Earlier this year, the CDU and CSU trailed in public opinion polls by as many as 15 points, while Germany's economy continued to slog through recession.

Mr. Scharping, 46, consistently scored higher in popularity ratings, with his rallying cry of "Jobs, jobs, jobs." And as if that weren't enough, the traditional coalition partners of Mr. Kohl's party, the Free Democrats, seemed in danger of failing to win enough votes to make it back into the lower house of parliament, the Bundestag. Then the economy began to pick up speed. Mr. Scharping lost ground by stumbling over complicated plans for a tax increase. And in the final months of the campaign Mr. Kohl got a boost from one of the very factors that made his coalition's winning margin so narrow.

That factor was the resurrection of the Party of Democratic Socialism. Led by the charismatic Gregor Gysi, a lawyer who had defended dissidents against the repressive East German government, the PDS capitalized on the alienation of east German voters. The PDS began winning a fifth of the vote in eastern state elections, and in the state of Saxon-Anhalt it even joined the governing coalition with the formidable Social Democrats.

When that happened, Mr. Kohl pounced on the development as an omen for Germany's future if his party was turned out of power. He warned of the rise of a new Red Menace, led not only by the Social Democrats and the PDS, but also by the Greens, a party which has advocated such measures as abolishing the German army, closing all nuclear power plants and raising gasoline taxes by $12 a gallon.
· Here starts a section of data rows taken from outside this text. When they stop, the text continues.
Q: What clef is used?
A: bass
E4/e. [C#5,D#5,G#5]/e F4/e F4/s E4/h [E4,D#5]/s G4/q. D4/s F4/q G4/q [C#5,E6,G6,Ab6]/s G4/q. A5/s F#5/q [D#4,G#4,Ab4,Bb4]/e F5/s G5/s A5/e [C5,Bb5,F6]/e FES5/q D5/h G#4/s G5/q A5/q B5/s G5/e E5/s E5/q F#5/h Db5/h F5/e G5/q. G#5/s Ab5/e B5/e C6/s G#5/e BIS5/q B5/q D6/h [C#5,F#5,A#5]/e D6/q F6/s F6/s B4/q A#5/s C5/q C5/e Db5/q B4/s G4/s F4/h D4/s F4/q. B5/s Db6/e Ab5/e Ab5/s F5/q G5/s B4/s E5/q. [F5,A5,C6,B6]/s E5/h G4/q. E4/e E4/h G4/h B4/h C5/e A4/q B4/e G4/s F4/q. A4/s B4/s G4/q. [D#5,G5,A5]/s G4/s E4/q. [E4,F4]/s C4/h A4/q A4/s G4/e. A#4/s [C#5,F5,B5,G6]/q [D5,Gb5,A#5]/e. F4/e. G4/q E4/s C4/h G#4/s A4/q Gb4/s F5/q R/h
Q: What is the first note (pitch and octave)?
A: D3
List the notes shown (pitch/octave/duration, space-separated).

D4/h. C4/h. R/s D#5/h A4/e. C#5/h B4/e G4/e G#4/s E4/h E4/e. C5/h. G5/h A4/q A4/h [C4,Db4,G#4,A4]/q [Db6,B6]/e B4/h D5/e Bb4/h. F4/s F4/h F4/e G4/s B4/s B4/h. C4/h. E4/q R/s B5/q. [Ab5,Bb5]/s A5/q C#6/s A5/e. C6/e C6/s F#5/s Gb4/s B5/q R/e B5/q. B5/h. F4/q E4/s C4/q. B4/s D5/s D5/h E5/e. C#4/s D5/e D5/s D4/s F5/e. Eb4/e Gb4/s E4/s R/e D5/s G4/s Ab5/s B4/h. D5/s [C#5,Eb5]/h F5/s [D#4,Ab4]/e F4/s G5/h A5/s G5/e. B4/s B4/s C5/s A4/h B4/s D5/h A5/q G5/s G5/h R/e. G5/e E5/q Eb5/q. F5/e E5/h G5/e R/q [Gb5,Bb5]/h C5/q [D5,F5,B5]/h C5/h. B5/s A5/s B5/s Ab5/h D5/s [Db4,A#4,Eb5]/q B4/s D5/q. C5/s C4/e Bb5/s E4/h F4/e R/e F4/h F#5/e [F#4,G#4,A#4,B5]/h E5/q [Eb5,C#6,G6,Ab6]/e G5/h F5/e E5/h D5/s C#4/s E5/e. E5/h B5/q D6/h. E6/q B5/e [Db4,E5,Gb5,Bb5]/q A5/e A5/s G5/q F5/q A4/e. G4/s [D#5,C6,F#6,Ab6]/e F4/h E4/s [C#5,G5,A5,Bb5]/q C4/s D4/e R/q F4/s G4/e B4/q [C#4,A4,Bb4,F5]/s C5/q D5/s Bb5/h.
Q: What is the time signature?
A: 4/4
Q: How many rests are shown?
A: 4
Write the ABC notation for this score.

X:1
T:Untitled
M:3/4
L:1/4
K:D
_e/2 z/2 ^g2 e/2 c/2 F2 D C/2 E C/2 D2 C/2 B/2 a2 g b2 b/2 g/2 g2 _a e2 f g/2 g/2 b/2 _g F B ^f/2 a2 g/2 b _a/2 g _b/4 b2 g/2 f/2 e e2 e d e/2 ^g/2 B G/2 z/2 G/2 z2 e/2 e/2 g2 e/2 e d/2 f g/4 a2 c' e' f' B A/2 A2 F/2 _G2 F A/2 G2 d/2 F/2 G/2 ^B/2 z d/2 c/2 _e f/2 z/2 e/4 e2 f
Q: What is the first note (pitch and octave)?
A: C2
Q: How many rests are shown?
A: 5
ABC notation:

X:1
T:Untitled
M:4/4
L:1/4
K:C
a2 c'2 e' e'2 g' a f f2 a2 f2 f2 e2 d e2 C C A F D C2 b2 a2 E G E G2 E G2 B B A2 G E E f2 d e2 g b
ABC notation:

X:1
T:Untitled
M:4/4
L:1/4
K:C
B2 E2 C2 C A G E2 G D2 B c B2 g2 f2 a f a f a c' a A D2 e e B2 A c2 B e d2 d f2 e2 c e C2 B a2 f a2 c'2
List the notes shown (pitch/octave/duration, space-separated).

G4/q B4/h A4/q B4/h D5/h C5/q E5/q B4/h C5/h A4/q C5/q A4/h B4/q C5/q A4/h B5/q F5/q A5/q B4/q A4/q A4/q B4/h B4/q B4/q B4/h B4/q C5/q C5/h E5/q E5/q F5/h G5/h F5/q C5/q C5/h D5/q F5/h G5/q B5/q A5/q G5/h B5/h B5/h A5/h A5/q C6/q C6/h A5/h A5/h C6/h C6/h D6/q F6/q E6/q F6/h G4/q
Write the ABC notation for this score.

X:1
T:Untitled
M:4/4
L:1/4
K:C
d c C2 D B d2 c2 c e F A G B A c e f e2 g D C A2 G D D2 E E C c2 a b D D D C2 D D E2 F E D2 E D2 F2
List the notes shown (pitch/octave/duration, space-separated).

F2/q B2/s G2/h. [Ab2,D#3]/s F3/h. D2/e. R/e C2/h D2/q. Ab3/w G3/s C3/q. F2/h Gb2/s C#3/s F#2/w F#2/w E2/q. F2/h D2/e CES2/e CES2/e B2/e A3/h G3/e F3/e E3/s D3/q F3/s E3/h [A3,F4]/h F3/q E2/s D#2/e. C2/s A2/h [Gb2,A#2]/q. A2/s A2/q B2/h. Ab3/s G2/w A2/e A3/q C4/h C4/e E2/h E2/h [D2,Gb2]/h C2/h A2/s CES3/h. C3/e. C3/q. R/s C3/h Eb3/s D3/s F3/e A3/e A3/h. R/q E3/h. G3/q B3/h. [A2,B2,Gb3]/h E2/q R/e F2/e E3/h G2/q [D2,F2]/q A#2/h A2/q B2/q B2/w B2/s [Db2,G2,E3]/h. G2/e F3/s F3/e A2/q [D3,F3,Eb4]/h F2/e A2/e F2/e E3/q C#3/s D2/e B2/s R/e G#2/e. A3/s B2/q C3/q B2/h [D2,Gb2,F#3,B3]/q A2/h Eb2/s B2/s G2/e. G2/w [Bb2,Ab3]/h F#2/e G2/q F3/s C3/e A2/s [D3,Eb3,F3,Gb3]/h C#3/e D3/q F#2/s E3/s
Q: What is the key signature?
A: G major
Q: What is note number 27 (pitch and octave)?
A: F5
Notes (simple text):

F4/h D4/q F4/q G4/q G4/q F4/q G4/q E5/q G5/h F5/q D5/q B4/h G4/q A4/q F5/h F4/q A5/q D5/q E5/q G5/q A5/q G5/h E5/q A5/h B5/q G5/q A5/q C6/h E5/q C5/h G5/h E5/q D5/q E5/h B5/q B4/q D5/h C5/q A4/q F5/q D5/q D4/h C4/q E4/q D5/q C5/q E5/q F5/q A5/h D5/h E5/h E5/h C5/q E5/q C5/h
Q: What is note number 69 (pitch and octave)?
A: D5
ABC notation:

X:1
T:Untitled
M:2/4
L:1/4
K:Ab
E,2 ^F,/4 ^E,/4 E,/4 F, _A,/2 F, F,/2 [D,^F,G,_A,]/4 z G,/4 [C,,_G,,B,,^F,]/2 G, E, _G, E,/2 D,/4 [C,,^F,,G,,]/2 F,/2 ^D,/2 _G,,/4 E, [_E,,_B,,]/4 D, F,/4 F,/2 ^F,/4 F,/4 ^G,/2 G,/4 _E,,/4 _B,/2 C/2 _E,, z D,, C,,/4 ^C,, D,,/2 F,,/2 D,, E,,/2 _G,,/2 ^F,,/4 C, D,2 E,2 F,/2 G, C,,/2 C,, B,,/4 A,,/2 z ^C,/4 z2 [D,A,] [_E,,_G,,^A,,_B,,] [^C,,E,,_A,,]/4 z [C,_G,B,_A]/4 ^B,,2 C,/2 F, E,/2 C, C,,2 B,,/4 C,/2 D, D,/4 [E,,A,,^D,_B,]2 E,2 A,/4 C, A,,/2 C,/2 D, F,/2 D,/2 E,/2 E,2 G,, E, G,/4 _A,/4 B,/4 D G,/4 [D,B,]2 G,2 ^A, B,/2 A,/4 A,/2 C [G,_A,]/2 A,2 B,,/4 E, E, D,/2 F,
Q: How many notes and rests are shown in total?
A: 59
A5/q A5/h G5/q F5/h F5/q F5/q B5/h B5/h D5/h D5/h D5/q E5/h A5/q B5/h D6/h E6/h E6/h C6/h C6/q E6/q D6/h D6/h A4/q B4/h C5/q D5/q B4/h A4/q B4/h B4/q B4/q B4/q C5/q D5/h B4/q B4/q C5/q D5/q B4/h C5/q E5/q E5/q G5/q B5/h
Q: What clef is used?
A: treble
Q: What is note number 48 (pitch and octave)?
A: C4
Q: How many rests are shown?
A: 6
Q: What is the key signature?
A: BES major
Mr. Scharping attempted to distance himself from the controversy by saying that he wouldn't take power with the help of the PDS, but he had no choice but to align his party with the Greens as the Social Democrats faded in he polls.

And for some voters, that was enough to scare them away.

"I wanted to keep the coalition in power," explained Dieter Ahnert, a lawyer from a prosperous district in west Berlin, as he emerged from the voting booth.

"I didn't want to depend on the Social Democrats or the socialists. And if the Greens got into power they'd only be taking money away from me."

Even at that, it took a rally in the final week by the Free Democrats to put Mr. Kohl's coalition back over the top.

Lothar Bisky, chairman of the PDS, seemed almost as happy as any party leader last night.

"If we had said in 1990 that we would return to the Bundestag this year, people would have laughed at us," he said. "Now we are the third-largest force in the east."